Northwest and Ethical Investments, the Canadian socially responsible investment management firm with around C$4.5bn (€3.4bn) in assets under management, has dumped FTSE100-listed metals and mining group Vedanta over lack of progress on human rights and environmental, social and governance (ESG) issues.
Northwest & Ethical – now known as NEI Investments – revealed in its new ESG Program Annual Report for 2010 that it has dumped the company. It said: “Working in collaboration with colleagues in Europe, we have been able to express dissatisfaction with company leadership on ESG issues. In particular, risks faced in India were highlighted.
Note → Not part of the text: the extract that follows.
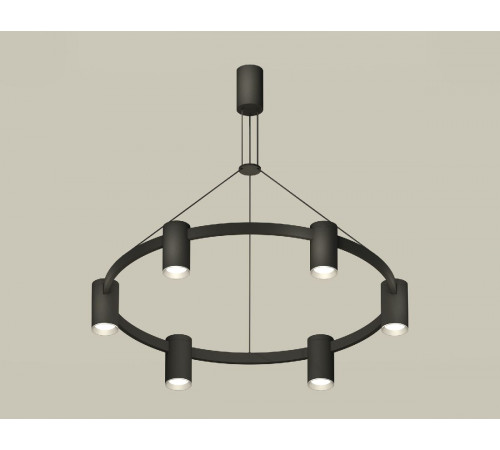 Подвесная люстра Ambrella Light Traditional DIY (С9022, N6104) XB9022101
To date, we have been unhappy with the company’s response.”
Vedanta was on NEI’s Focus List for 2010. “After meetings with management and the Chairman, [we] determined that it no longer meets our baseline expectations,” NEI said.
NEI is following investors like PGGM and the Church of England in ditching Vedanta over the company’s operations in the Indian state of Orissa. Last July, APG Asset Management, the wholly-owned fund manager of the ABP Dutch civil service pension fund, abstained on the vote on Vedanta’s report and accounts.
NEI also revealed that it is working with other signatories to the UN Principles for ResponsibleInvestment to express concern about Italian energy firm Eni’s operations in the Congo.
NEI said it would focus on executive compensation in the 2011 proxy voting season, holding companies to account for executive compensation packages “not explicitly linked to company performance”.
“Executive compensation plans,” it argues, “need to be based on pay-for-performance principles, in theory and in practice.” This should include performance on material ESG. NEI says it has already approached major financial institutions and oil and gas companies held within its Ethical Funds portfolios on “problematic” compensation practices.
“Depending on the individual company response, shareholder proposals may be filed to draw more attention to the issue,” NEI states.
NEI added that it would also continue to push for more aggressive action on oil sands issues – both at the individual company and policy level.
The report reveals some notable successes in company engagement in 2010. It achieved 18 goals in 61 dialogues with companies on its focus list, with another 25 dialogues resulting in “significant progress”. Of 17 shareholders resolutions filed, nine were withdrawn after positive responses from companies. It went against management in 39% of the 6,960 proxies it voted.